Member of the Iloilo City Council
- In office June 30, 2007 – June 30, 2016

Personal details
- Born: August 11, 1979 (age 46) Iloilo City, Philippines
- Party: Liberal (2009–present) Ugyon (local party; 2007–present)
- Alma mater: La Salle Green Hills Ateneo de Manila University Central Philippine University University of the Philippines
- Occupation: Filipino politician and public servant

= Lex Tupas =

Filipino politician

Nielex 'Lex' Tupas (born August 11, 1979) is a Filipino public servant. He was born in Iloilo City, and is the youngest son of former Iloilo Governor Niel Tupas Sr., who also held several other mayor and congressman positions in Iloilo.

In the May 2007 local elections, he was elected as the youngest city councilor at the age of 27 with about 73,000 votes. He was then re-elected twice as number 1 city councilor of Iloilo City with more or less 93,000 votes (2010) and 125,000 votes (2013). He was also appointed as the chief operating officer and executive director of the National Youth Commission.

==Career==

Tupas became one of the youngest teachers/lecturers in Iloilo City at age 25 when he was asked to be the research and economics consultant of Iloilo National High School. He was ranked as the number one teacher for School Year 2005-2006. He was also one of the youngest post-graduate degree professors of the Philippine Christian University, the St. Roberts International Academy and John B. Lacson Department of Information Technology at age 25.

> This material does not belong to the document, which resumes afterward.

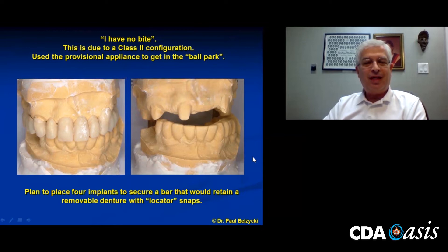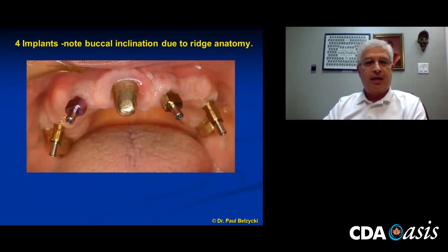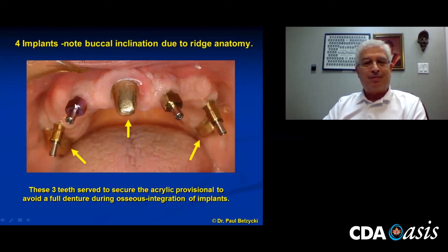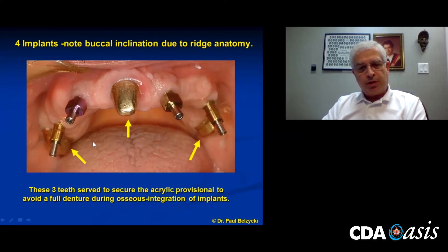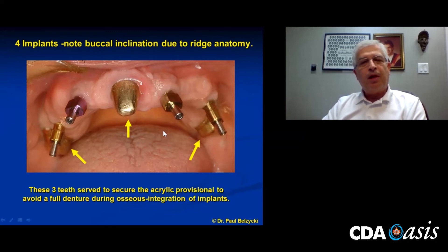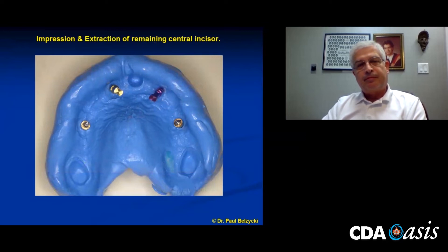Four implants were placed. Due to the anatomy of the bone, the two front ones are splayed anteriorly — they're all going off in different directions. The other cuspid was removed, and essentially the three remaining teeth — the two molars and one central — were used to support the upper appliance he had made. The day of impression taking, we extracted the remaining molar right after the impressions were taken, then reinserted the healing caps.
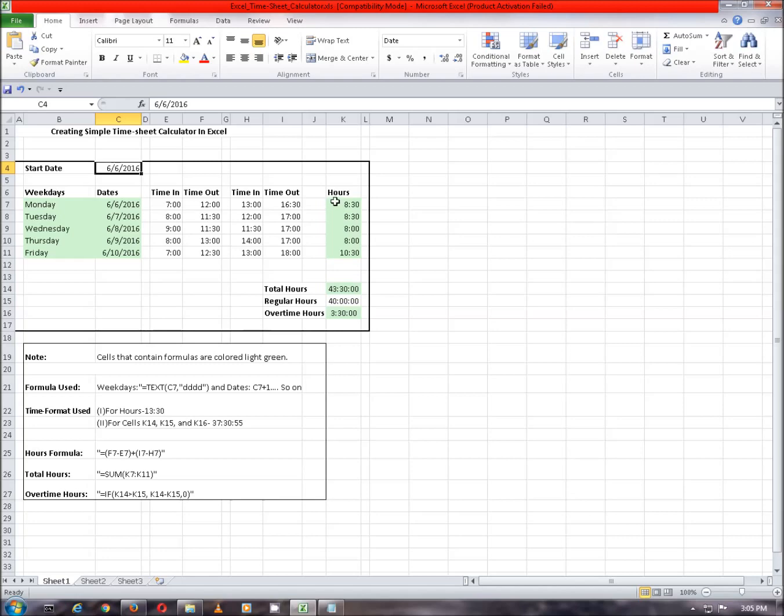Also, hours column is formatted to the exact time format. Total hours are calculated using some functions based on the hours column and overtime is calculated using the IF function based on the total hours and regular hours as difference.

He is a former board of director and chairman of the Youth Leadership Excellence Awards of the Junior Chamber International Iloilo Chapter

He decided to transfer his residency in Iloilo City in 2005 and made a successful run as city councilor. He obtained the biggest mandate for a first time candidate without any political background by obtaining 73,000 votes.

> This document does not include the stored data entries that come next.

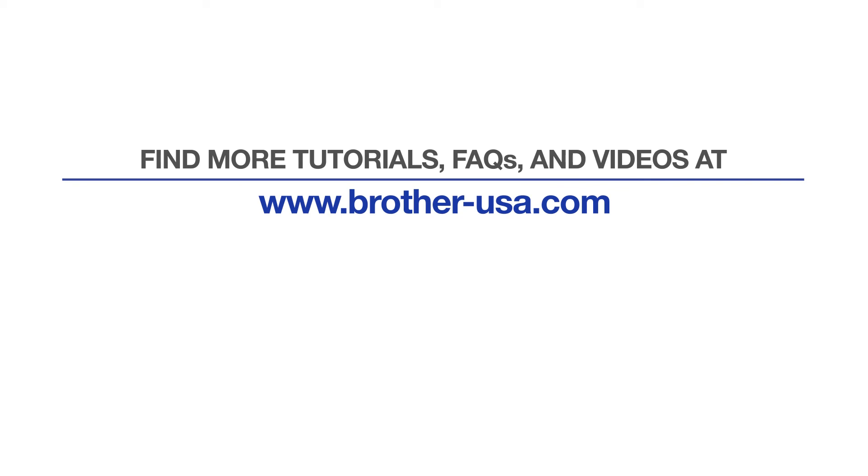For more tutorials, FAQs and videos, visit us at www.brother-usa.com. If you found this video helpful, be sure to subscribe. Thank you for choosing Brother.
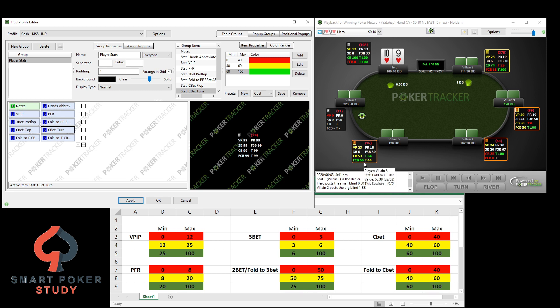So that's how you color code your HUD. I hope you take the time, pause the video right now, open up PokerTracker 4's HUD editor, and do this for yourself. If you don't agree with my numbers, go ahead and use whatever numbers you want — this is just what helps me understand my opponents' tendencies more quickly. Thank you so much for watching. If you are not yet subscribed to the channel, please do so below and give this video a thumbs up if it helped your game.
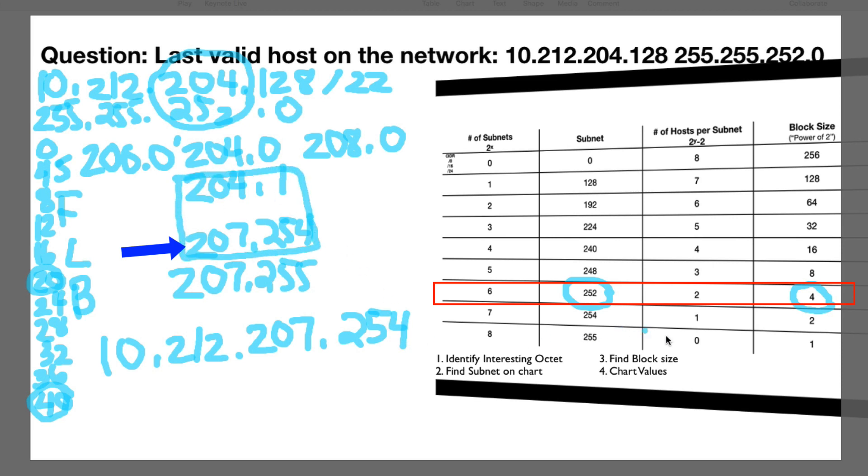So see, the chart still works. It's just a very easy way to find your block size so you can figure out how to configure all your hosts. All right, I hope that helps. Thanks.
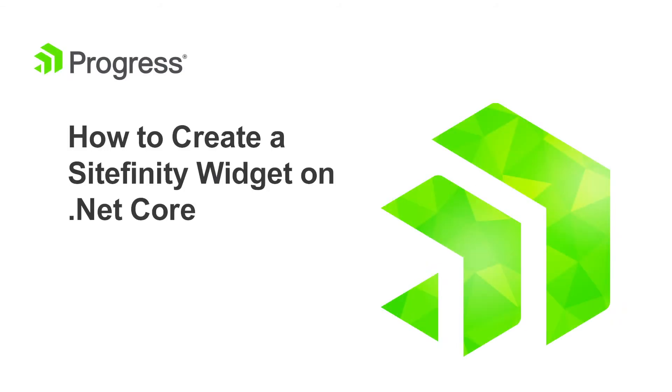With .NET Core available out of the box, Sitefinity lets you deploy and work on the presentation in a standalone application detached from the Sitefinity backend.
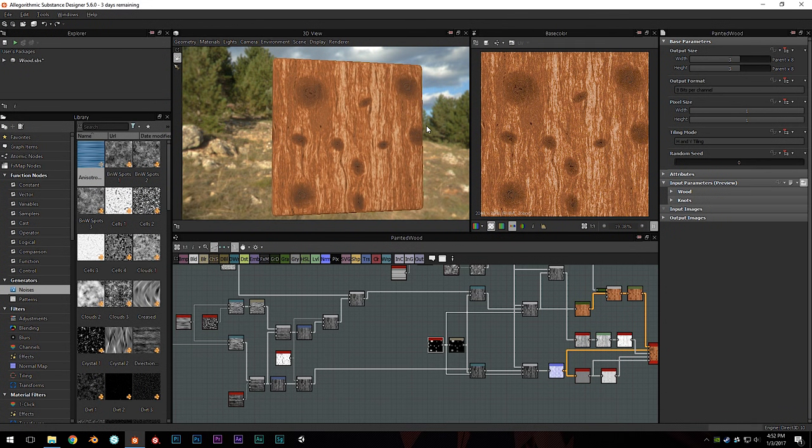Hello everybody and welcome back to another Substance Designer tutorial. I know it's been a little while since I did a big tutorial and I do apologize for that. The holidays were a little bit crazier than I was expecting, but here we are back for the new year. Hope you guys had a good break.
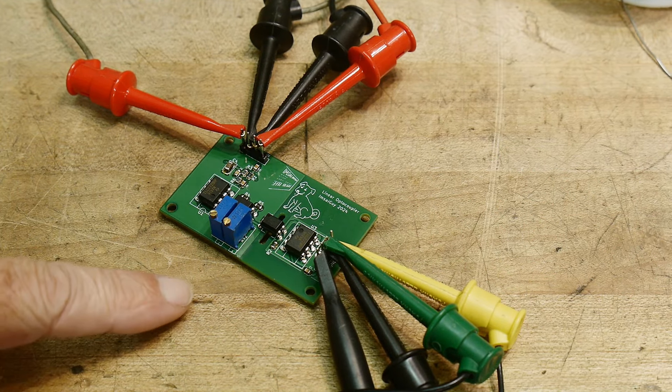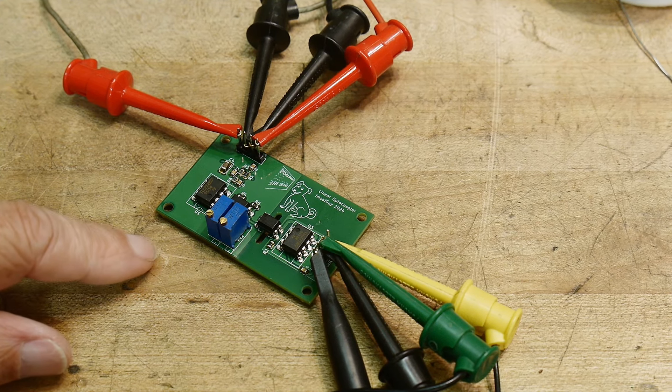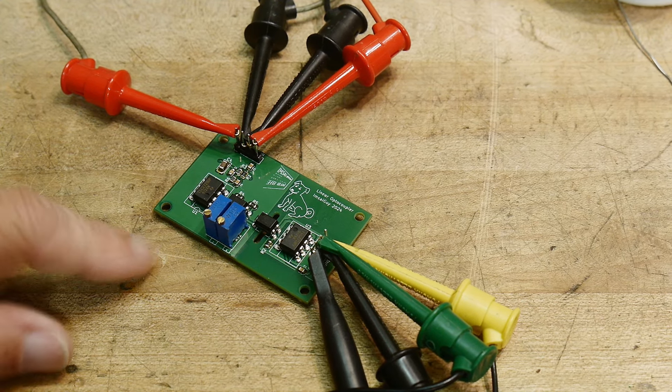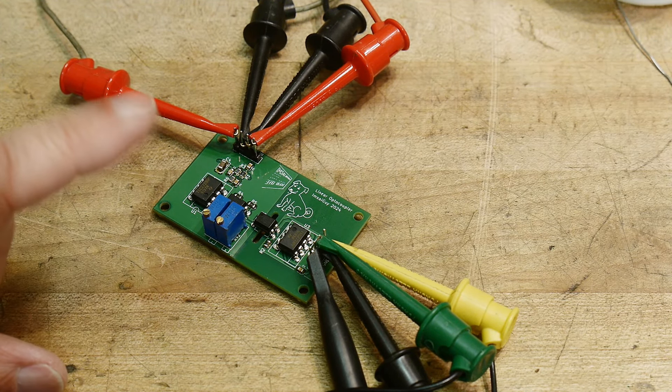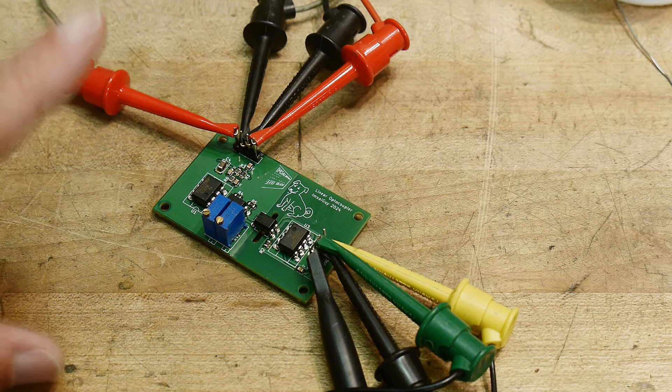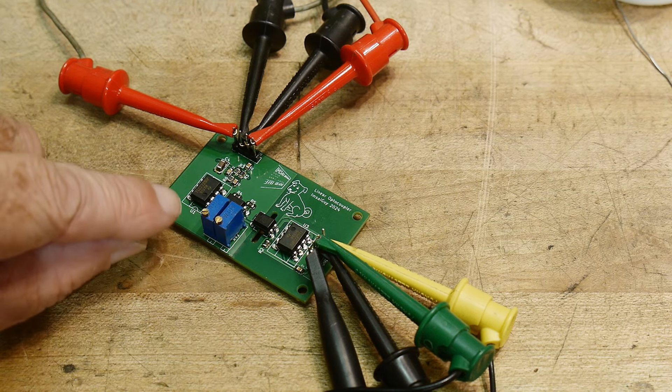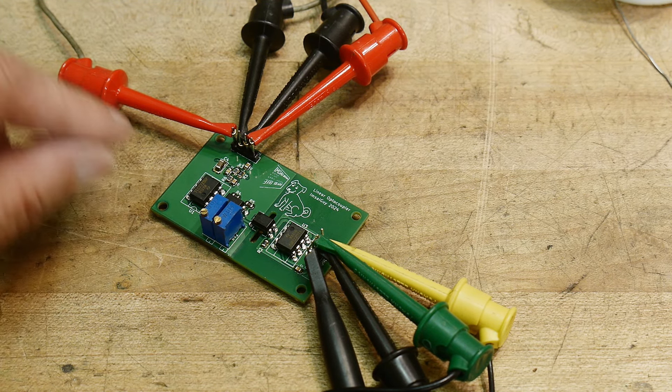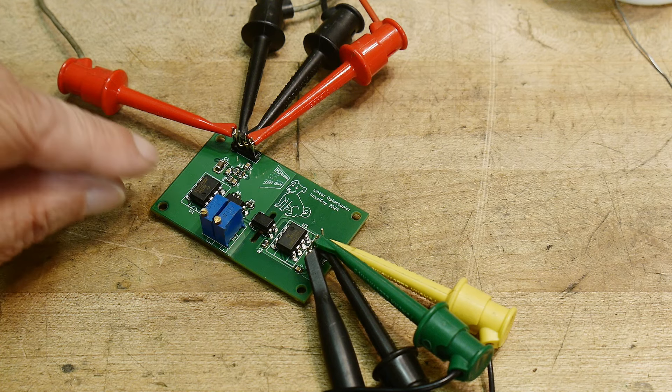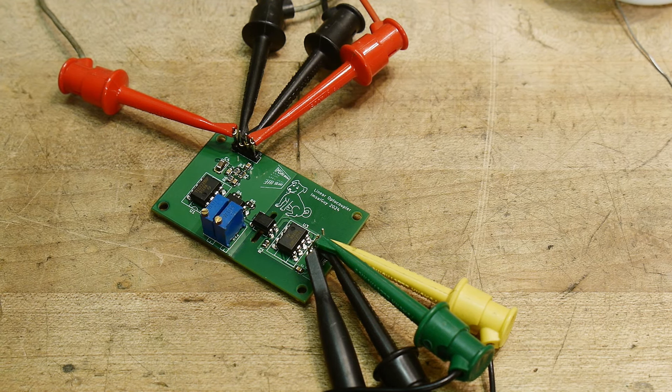All right, I have it all loaded up here. I'm using PC817 optocouplers, and I'm using TLC272 op amps.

He is the youngest official of the city who was elected citywide at age 27. He is also the first son of an incumbent provincial governor to have won a seat in the City of Iloilo and the first new resident of less than 2 years in the city on the day of the May 2007 elections to win a seat.

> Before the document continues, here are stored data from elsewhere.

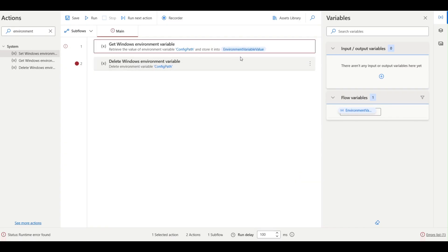So this is what the environment variable in Power Automate. Thanks for watching, see you in the next video, happy automation.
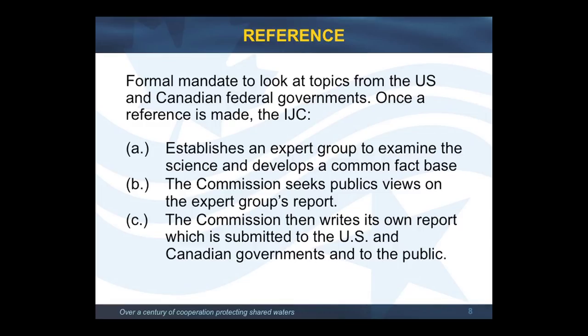The IJC gets its work in two main ways. The first is responding to a reference — a formal request from the two national governments, U.S. and Canada, to look at a specific matter or problem and make a report setting out findings and recommendations. The reference by custom has always come from both governments with identical wording, and they spend about a year negotiating that letter. In the case of Lake Champlain, it did take about a year to get that letter. These IJC reports based on references are advisory — they are not binding. The percentage of recommendations acted upon by the two governments is generally quite high, but it is not mandatory; it's not a law.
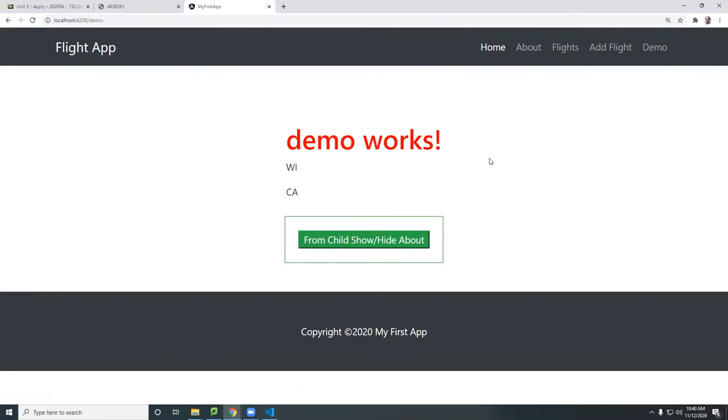So that's the nested module that has its own routes.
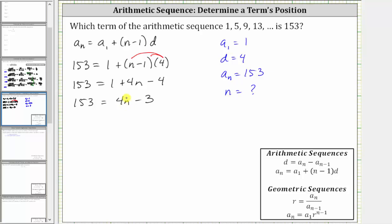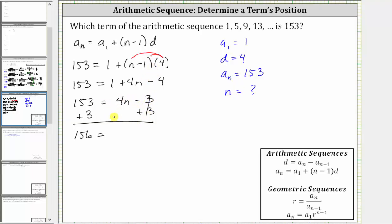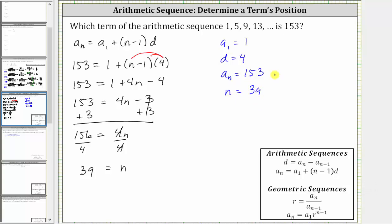The next step is to isolate four n by adding three to both sides. Simplifying, we have 156 equals — on the right, negative three plus three is zero — so we just have four n on the right. To solve for n, we divide both sides by four. Four divided by four simplifies to one, so we have n on the right. On the left, 156 divided by four equals 39. So because n is equal to 39, we now know a sub 39 is equal to 153. Therefore, 153 is the 39th term of the sequence.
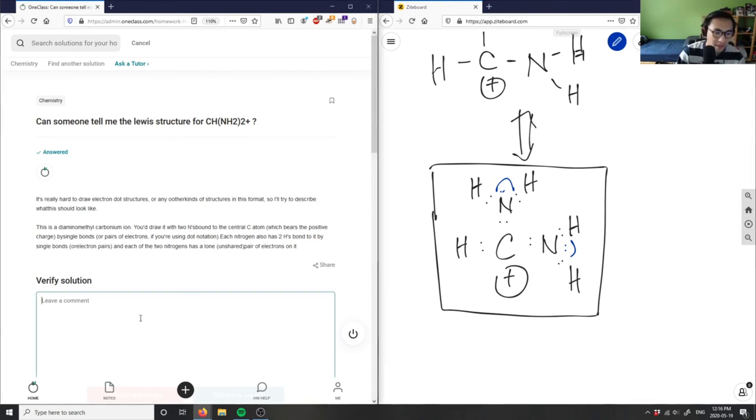So the solution is correct. Good analysis as well.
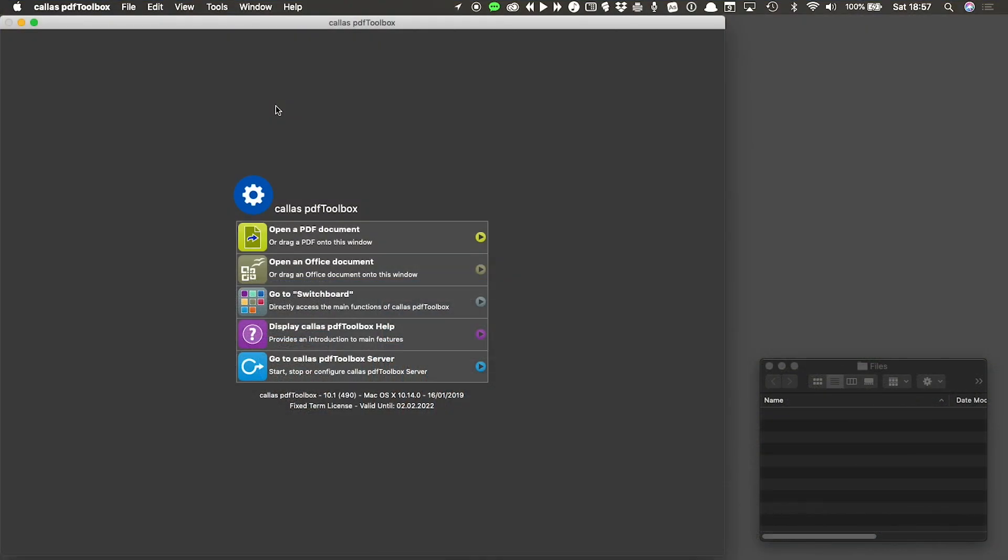PDF Toolbox has the possibility to create lots of preflight profiles, checks, fix-ups, process plans, and imposition layouts. But how do you efficiently organize those and don't lose your way? Well, for this, libraries were invented.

He is one of the youngest political party chairmen. He is the city chairman of UGYON Party
He is a radio anchor/newspaper columnist and cable TV anchor

He has authored a number of meaningful legislative measures for the improvement and continued progress of Iloilo City and has initiated a number of innovative special programs and project that focus especially on children, the youth, women and the elderly.

== Education ==
He earned his Masters in Public Management major in Local Government Administration when he was 27 years old and proceeded to earn his Doctor of Management with concentration in Public Management from the Central Philippine University at the age of 30.